Dataset section start

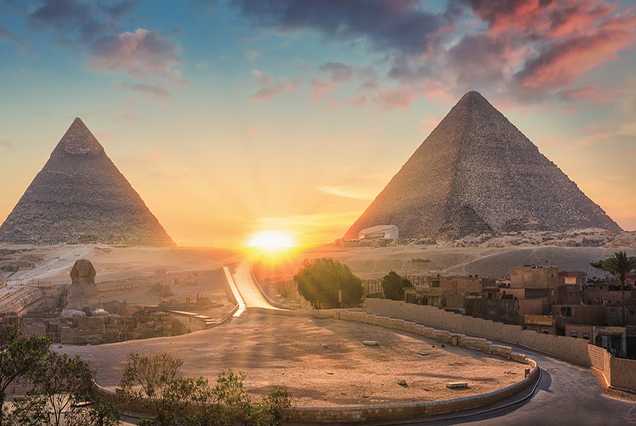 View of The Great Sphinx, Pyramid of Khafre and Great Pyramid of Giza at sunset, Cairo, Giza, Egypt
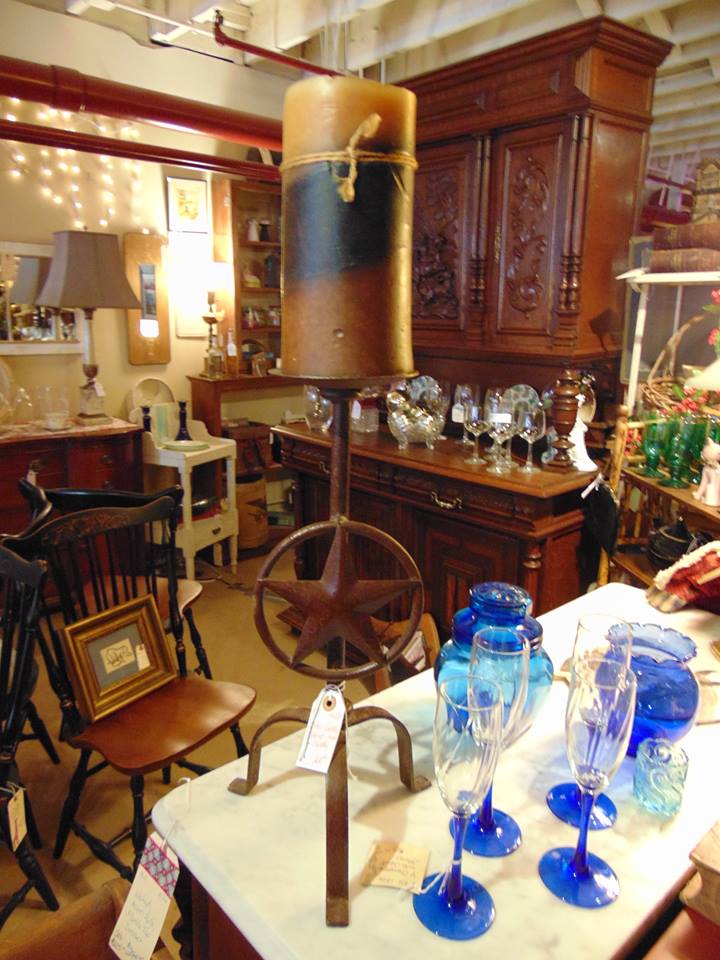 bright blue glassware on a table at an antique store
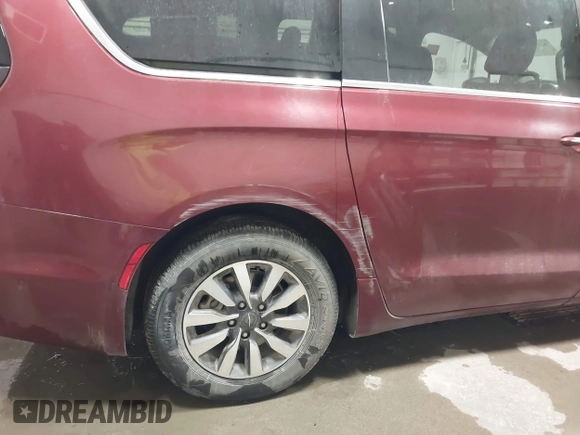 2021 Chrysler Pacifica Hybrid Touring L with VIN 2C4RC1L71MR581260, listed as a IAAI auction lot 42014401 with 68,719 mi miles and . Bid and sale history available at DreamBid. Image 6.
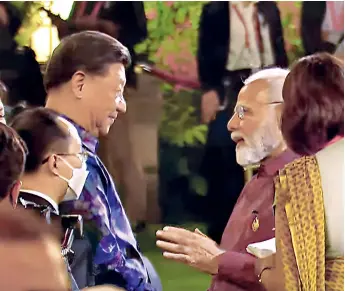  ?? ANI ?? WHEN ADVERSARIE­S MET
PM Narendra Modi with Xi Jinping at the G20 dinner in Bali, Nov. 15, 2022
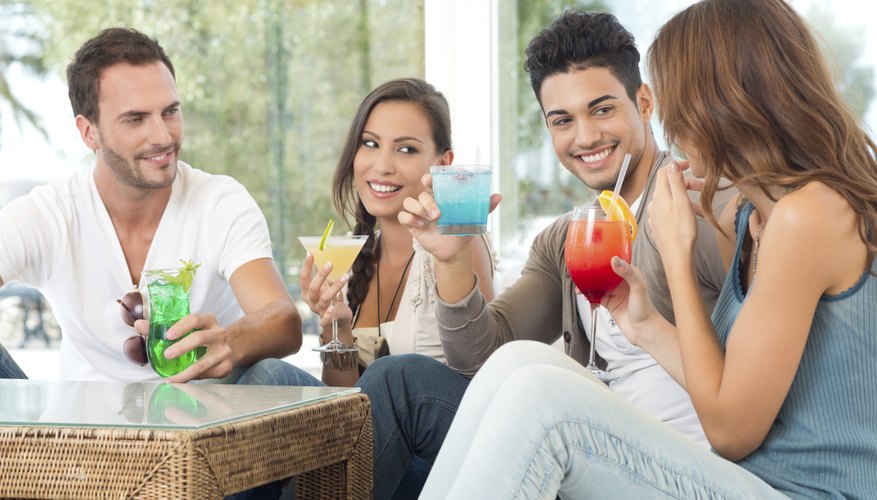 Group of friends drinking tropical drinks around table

Dataset section end
Dataset section start

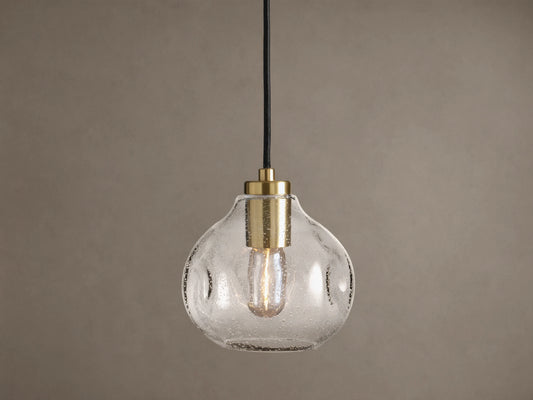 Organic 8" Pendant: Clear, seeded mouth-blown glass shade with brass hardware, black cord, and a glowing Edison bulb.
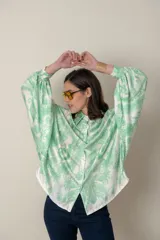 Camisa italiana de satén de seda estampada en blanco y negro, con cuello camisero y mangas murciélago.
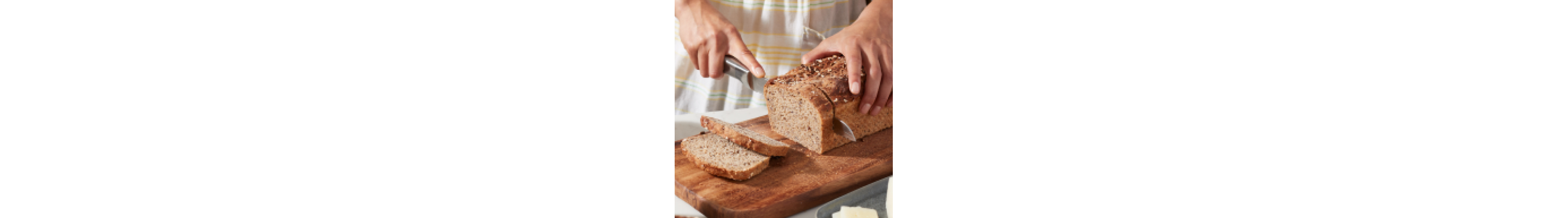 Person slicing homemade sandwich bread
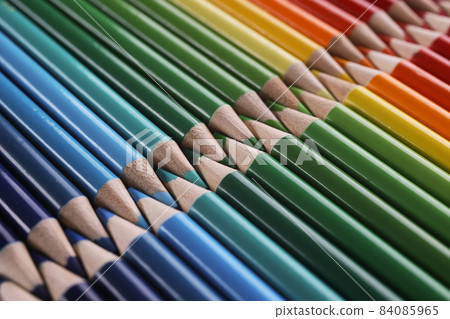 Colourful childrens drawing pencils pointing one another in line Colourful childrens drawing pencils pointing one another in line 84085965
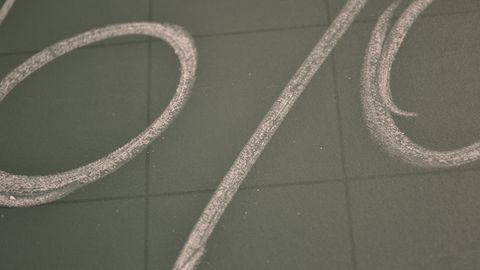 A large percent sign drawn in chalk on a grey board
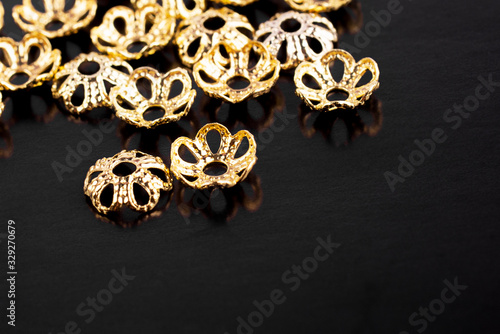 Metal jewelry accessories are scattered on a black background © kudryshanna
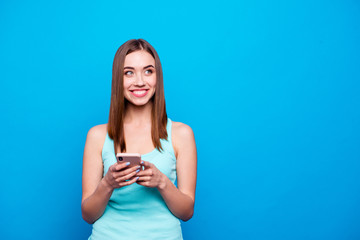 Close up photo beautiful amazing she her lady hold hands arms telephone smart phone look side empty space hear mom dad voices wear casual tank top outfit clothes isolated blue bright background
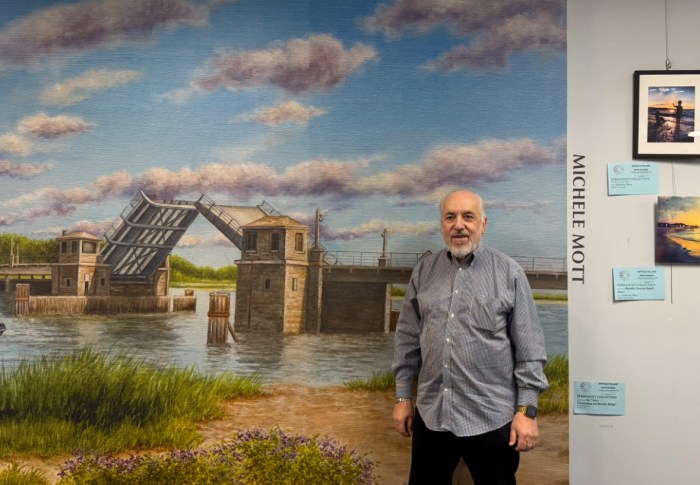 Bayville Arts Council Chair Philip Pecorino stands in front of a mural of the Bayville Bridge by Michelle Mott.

Dataset section end
Dataset section start

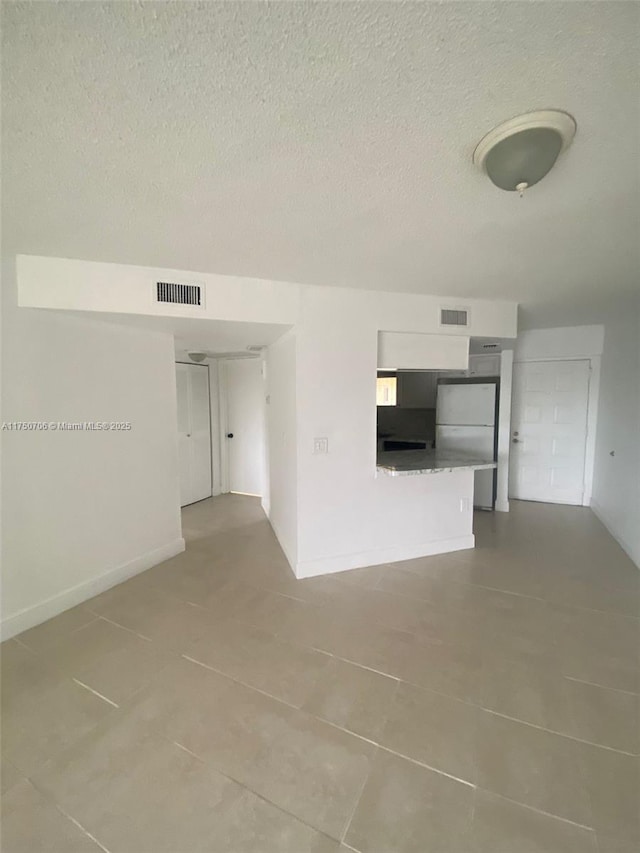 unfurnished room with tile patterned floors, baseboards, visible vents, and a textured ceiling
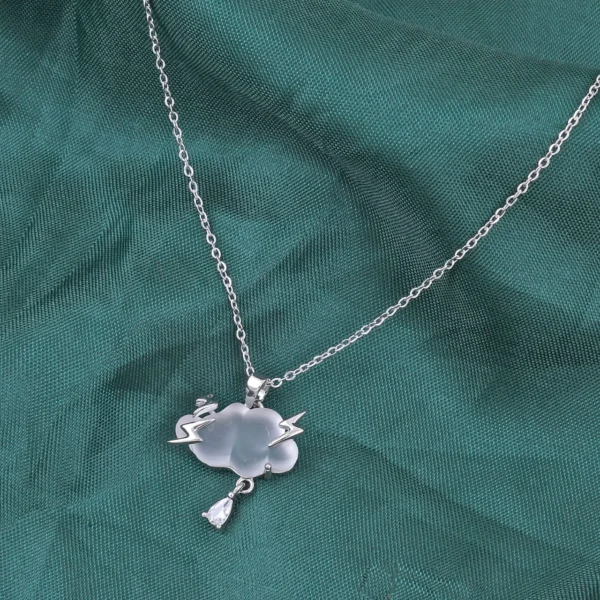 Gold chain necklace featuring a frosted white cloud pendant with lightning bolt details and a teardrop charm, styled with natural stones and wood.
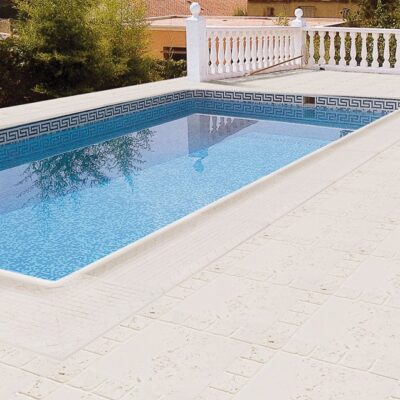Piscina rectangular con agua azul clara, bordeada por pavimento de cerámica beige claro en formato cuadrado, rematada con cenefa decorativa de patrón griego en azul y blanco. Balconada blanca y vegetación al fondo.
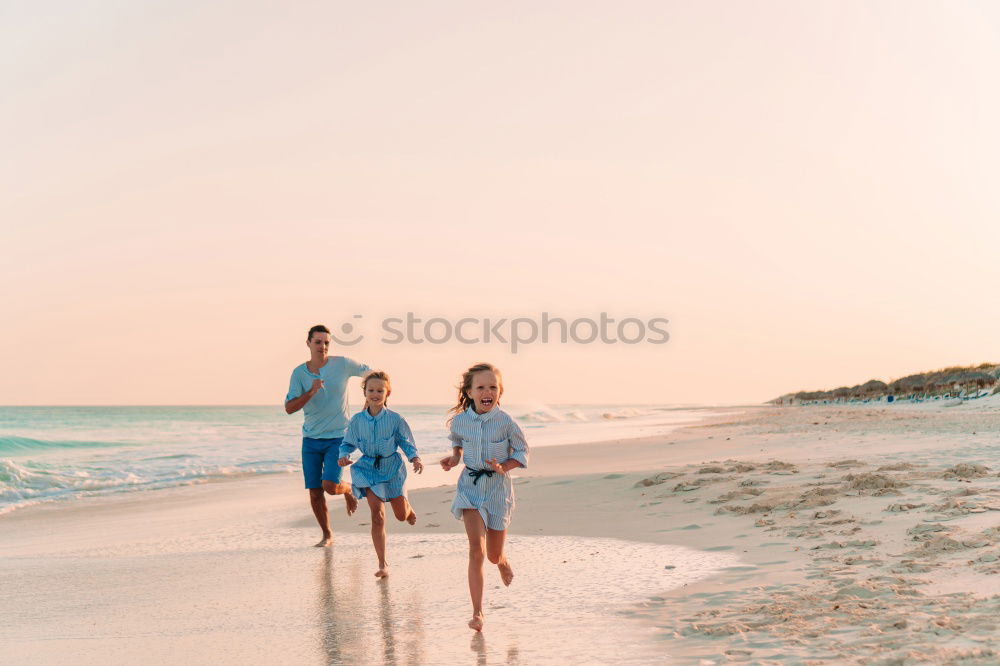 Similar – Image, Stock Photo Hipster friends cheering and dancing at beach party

Dataset section end

**Work required:** From the listing above, restate verbatim the lines running from the one with "in line 84085965" through the one with "Metal jewelry accessories", inclusive, but not the pictures.

**Answer space:**
 Colourful childrens drawing pencils pointing one another in line Colourful childrens drawing pencils pointing one another in line 84085965
 A large percent sign drawn in chalk on a grey board
 Metal jewelry accessories are scattered on a black background © kudryshanna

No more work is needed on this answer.